Formuló, muy temprano, en la primera mitad del siglo XVI, la teoría del heliocentrismo, pues comenzó a comprobar el hecho de que era la tierra la que giraba alrededor del sol, al contrario como lo había planteado 1300 años antes un famoso astrónomo de Alejandría. De esa manera, subvirtió por completo el paradigma tolemaico-aristoteliano, el del geocentrismo, aquel que idealizaba al ser humano y que ponía como eje central de la existencia, la vertical que partía de la divina providencia y llegaba al centro del hombre, para determinar una cosmogonía teológica y una sociedad jerarquizada, basada en la obediencia.
Copérnico con su descubrimiento representó un acontecimiento cataclísmico, desde el punto de vista del pensamiento; con sus investigaciones provocó lo que Thomas Kuhn ha llamado con acierto una revolución científica, fenómeno que fue confirmado después, en 1610, por las formulaciones de Galileo Galilei.
Paradójicamente, Copérnico no desarrolló el pensamiento desde una avanzada previa, desde un punto a partir del cual bastaba con prolongar el camino; sino que lo hizo progresar, contrario, desde un gran error, el de Ptolomeo. Lo cual señala en términos epistemológicos que el conocimiento científico no camina desde los imaginarios previamente dominantes, sino muy a menudo desde la crítica contra esos imaginarios y contra las teorías que los acompañan. En otras palabras, la ciencia no se despliega desde las verdades establecidas, sino muy frecuentemente contra ellas.

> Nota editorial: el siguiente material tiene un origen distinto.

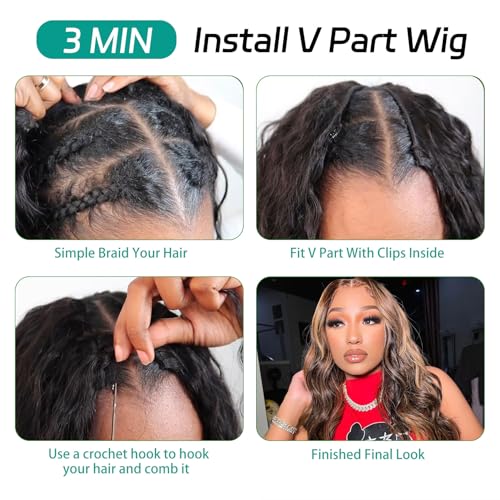 V Part Wig Human Hair Body Wave Glueless No Leave Out Upgrade 22 Inch U Part Wigs Human Hair Clip In Half Wigs 100% Real Human Hair Elastic Drawstring For Women 180% Density #1B/30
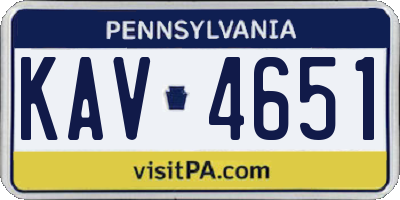 PA license plate KAV4651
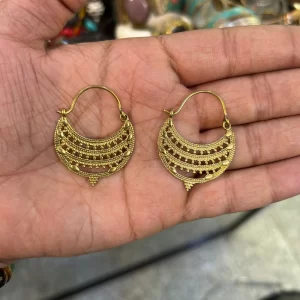 Small Boho Brass Hoop Earrings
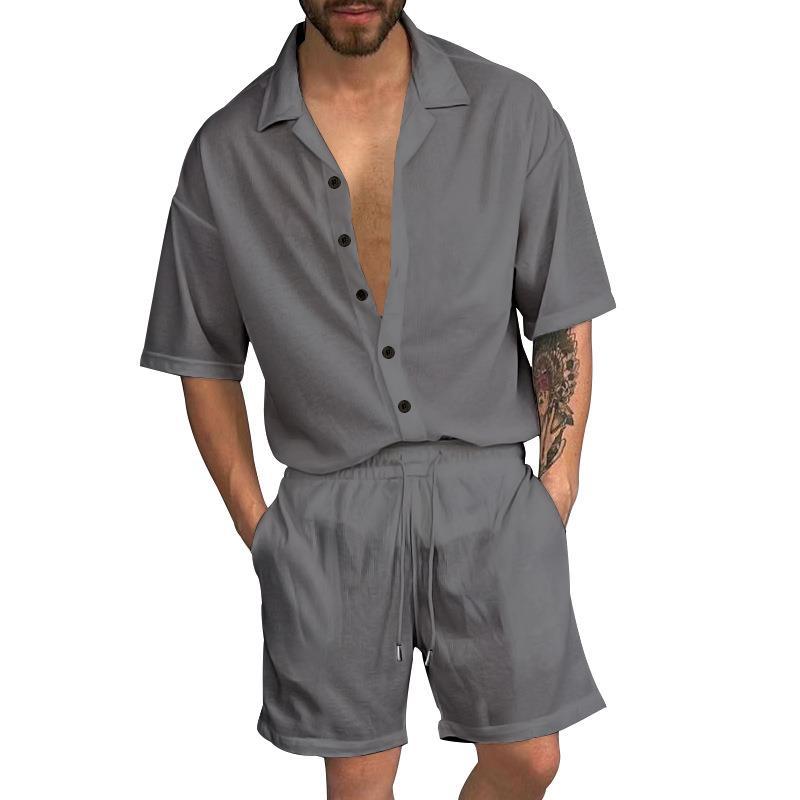 Herren Freizeit-Set mit lässigem Kurzarmhemd und elastischen Shorts R&B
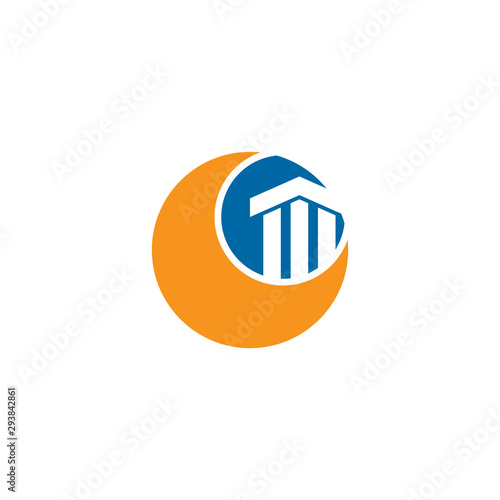 Pillar icon logo design illustration template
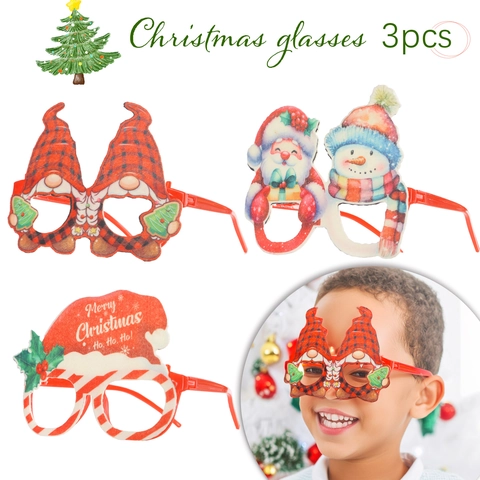Christmas Party Glasses Frames Santa Claus Snowman Reindeer Gnome Cartoon Festive Eyewear Photo Props For Kids Adults Holiday Party Decor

Por otra parte, Copérnico no solo produjo una nueva teoría; con ella engendró un nuevo paradigma en el avance del conocimiento, aunque también en la forma de ver el mundo. Empezó así a reemplazar el trascendentalismo teológico por el inmanentismo secular, en la medida en que la naturaleza y la sociedad a partir de entonces se podrían explicar por sí mismas —desde adentro y desde abajo—, y no desde las fuerzas superiores a ellas, engendradas como seres o como ideas absolutas.
Así la vigilancia epistemológica, las rupturas en el conocimiento en lugar de sus meras continuidades y finalmente la apertura a nuevos paradigmas fueron todas ellas categorías del conocimiento y de las metodologías, que comenzaron a evidenciar, en la búsqueda de verdades abiertas, categorías de las que debe estar impregnada la atmósfera cognitiva y ciudadana de la universidad. Todo ello sin tantas concesiones a los imaginarios fácilmente difundidos y a los irracionalismos sedicentes que empujan a los individuos regresivamente hacia las formas tradicionales y semiteológicas del orden tradicional.
De todo ello fue de lo que reflexioné en la reunión primera de la XXI Semana, con docentes y estudiantes de la licenciatura en Física.